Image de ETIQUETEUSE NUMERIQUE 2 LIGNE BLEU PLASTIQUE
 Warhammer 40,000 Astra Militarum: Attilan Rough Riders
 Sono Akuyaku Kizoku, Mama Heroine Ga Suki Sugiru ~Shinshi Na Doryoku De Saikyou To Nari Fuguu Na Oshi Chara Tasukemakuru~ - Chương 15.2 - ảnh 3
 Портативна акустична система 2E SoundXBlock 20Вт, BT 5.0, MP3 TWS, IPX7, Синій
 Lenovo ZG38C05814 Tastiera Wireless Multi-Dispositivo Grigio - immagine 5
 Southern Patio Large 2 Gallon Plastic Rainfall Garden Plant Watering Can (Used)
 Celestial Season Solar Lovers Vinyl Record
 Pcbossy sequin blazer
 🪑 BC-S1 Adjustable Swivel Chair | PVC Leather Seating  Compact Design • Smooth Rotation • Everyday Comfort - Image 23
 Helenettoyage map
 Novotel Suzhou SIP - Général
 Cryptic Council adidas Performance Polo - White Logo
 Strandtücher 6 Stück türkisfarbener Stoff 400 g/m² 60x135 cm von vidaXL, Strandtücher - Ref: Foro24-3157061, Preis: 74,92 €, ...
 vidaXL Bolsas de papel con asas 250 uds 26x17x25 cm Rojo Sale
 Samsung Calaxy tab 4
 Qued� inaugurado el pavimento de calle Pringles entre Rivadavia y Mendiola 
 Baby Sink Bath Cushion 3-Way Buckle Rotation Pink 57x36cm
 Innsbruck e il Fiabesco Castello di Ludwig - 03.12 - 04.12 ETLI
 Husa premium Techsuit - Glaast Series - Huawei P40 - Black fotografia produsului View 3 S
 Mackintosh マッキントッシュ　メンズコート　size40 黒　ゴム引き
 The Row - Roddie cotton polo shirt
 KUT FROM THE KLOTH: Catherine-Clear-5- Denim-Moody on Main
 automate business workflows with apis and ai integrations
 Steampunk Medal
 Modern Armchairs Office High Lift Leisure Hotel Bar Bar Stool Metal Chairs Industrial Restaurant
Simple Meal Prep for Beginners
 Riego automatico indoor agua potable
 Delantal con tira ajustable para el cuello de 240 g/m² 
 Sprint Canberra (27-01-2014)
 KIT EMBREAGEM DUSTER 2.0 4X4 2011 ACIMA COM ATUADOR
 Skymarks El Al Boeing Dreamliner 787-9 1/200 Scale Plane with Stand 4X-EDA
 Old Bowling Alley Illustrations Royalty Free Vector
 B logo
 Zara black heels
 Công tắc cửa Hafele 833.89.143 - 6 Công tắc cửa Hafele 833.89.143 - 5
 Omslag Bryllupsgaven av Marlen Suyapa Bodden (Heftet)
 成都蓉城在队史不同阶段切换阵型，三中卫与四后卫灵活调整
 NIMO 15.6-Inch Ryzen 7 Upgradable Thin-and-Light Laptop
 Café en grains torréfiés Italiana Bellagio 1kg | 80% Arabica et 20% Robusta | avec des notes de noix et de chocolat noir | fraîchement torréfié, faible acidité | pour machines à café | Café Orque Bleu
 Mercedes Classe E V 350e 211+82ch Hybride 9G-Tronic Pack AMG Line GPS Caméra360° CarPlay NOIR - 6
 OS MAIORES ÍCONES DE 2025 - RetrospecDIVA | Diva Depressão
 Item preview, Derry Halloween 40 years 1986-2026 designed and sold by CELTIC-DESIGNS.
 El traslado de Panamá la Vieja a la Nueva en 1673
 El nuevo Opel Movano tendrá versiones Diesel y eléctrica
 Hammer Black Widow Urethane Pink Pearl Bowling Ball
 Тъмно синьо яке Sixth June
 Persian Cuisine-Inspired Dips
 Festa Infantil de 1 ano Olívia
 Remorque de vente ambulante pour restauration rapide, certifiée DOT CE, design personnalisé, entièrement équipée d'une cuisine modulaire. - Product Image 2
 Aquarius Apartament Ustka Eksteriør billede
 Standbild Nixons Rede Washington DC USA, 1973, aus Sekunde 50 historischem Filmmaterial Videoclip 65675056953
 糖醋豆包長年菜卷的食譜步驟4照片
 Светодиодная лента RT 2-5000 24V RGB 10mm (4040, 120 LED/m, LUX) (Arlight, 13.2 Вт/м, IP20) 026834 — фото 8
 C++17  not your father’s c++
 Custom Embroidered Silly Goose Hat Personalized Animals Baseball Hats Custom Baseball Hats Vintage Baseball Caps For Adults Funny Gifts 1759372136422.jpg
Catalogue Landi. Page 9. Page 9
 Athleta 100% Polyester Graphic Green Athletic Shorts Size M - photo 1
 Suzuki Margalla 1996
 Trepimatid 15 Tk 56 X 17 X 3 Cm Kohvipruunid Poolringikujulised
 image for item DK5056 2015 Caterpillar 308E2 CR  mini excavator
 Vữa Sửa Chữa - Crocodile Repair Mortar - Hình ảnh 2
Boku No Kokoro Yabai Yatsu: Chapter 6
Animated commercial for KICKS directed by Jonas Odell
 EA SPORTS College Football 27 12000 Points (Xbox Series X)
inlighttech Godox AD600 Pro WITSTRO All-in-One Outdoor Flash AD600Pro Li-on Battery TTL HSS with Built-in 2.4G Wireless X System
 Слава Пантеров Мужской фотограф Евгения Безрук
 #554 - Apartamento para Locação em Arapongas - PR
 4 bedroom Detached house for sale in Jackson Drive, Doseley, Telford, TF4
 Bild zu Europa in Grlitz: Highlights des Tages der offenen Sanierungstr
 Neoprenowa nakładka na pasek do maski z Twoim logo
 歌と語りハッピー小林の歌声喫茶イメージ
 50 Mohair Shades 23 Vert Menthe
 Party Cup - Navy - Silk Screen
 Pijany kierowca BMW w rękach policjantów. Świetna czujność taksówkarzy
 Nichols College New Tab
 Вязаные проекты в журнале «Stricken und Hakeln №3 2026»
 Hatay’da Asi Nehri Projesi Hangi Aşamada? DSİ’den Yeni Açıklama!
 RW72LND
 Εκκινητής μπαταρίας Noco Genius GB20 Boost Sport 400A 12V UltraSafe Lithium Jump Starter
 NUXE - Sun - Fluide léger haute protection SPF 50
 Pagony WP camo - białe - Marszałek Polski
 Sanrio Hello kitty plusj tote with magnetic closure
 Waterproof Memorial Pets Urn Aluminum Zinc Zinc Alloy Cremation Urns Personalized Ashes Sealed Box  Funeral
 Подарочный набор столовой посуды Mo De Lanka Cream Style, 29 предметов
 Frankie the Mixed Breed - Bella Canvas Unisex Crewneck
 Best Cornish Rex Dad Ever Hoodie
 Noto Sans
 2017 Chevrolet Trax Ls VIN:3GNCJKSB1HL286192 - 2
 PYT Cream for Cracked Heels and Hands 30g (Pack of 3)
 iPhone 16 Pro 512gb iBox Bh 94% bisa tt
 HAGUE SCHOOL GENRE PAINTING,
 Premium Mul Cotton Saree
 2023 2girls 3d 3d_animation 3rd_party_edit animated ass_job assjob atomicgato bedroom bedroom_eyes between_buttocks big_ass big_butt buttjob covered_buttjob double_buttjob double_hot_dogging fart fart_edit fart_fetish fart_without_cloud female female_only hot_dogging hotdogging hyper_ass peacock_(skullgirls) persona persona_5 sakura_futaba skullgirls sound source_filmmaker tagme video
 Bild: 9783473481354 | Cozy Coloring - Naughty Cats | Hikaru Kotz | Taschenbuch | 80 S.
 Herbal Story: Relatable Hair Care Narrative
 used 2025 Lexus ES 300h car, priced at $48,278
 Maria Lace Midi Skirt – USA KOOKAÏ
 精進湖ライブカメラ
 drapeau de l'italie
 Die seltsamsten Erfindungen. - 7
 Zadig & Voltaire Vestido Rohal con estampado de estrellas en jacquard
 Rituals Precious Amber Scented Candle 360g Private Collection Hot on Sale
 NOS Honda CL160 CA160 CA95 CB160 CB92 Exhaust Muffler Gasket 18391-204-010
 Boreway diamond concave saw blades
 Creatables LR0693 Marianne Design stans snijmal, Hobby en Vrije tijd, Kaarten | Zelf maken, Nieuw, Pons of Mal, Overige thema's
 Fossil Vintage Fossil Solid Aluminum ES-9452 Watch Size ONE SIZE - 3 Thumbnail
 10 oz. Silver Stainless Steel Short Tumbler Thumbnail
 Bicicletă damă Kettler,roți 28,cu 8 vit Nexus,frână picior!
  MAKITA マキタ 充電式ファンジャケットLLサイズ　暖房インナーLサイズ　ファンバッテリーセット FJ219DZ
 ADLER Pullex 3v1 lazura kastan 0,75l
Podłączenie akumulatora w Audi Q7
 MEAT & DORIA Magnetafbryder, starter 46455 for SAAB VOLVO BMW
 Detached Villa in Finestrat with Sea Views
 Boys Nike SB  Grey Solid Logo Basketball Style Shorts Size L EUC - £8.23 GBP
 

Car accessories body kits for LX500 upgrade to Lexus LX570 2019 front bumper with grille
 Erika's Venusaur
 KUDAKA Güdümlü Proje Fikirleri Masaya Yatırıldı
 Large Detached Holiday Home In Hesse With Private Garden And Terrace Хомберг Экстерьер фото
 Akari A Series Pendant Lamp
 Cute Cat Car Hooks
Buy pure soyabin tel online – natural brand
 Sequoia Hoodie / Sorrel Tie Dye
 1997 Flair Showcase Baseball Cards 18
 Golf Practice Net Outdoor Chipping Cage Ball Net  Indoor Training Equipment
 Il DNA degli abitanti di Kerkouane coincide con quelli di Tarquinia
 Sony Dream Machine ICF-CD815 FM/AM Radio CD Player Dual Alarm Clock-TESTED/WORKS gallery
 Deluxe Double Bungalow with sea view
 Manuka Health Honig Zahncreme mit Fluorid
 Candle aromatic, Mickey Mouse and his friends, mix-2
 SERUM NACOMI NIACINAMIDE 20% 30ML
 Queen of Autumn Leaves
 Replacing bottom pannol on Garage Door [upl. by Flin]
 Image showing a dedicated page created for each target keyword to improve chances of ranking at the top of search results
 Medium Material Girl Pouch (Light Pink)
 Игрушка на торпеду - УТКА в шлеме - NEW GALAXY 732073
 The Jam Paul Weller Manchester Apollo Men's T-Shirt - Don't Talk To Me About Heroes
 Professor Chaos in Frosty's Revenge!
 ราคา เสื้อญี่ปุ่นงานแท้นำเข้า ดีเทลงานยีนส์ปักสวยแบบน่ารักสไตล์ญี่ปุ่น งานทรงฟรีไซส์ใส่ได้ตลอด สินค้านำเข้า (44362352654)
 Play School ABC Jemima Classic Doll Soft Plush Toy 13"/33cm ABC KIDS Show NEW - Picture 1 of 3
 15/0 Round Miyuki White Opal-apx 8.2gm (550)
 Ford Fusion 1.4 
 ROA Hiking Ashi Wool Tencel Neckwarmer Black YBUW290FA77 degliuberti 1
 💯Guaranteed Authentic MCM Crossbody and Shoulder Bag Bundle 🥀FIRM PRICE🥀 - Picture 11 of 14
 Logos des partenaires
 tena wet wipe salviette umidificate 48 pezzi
::::::::::
REQUIRED ACTION ->
All that is wanted is the stretch of lines above from the one containing "automate business workflows" through the one containing "NIMO 15.6-Inch Ryzen", duplicated exactly.

TASK ANSWER ->
 automate business workflows with apis and ai integrations
 Steampunk Medal
 Modern Armchairs Office High Lift Leisure Hotel Bar Bar Stool Metal Chairs Industrial Restaurant
Simple Meal Prep for Beginners
 Riego automatico indoor agua potable
 Delantal con tira ajustable para el cuello de 240 g/m² 
 Sprint Canberra (27-01-2014)
 KIT EMBREAGEM DUSTER 2.0 4X4 2011 ACIMA COM ATUADOR
 Skymarks El Al Boeing Dreamliner 787-9 1/200 Scale Plane with Stand 4X-EDA
 Old Bowling Alley Illustrations Royalty Free Vector
 B logo
 Zara black heels
 Công tắc cửa Hafele 833.89.143 - 6 Công tắc cửa Hafele 833.89.143 - 5
 Omslag Bryllupsgaven av Marlen Suyapa Bodden (Heftet)
 成都蓉城在队史不同阶段切换阵型，三中卫与四后卫灵活调整
 NIMO 15.6-Inch Ryzen 7 Upgradable Thin-and-Light Laptop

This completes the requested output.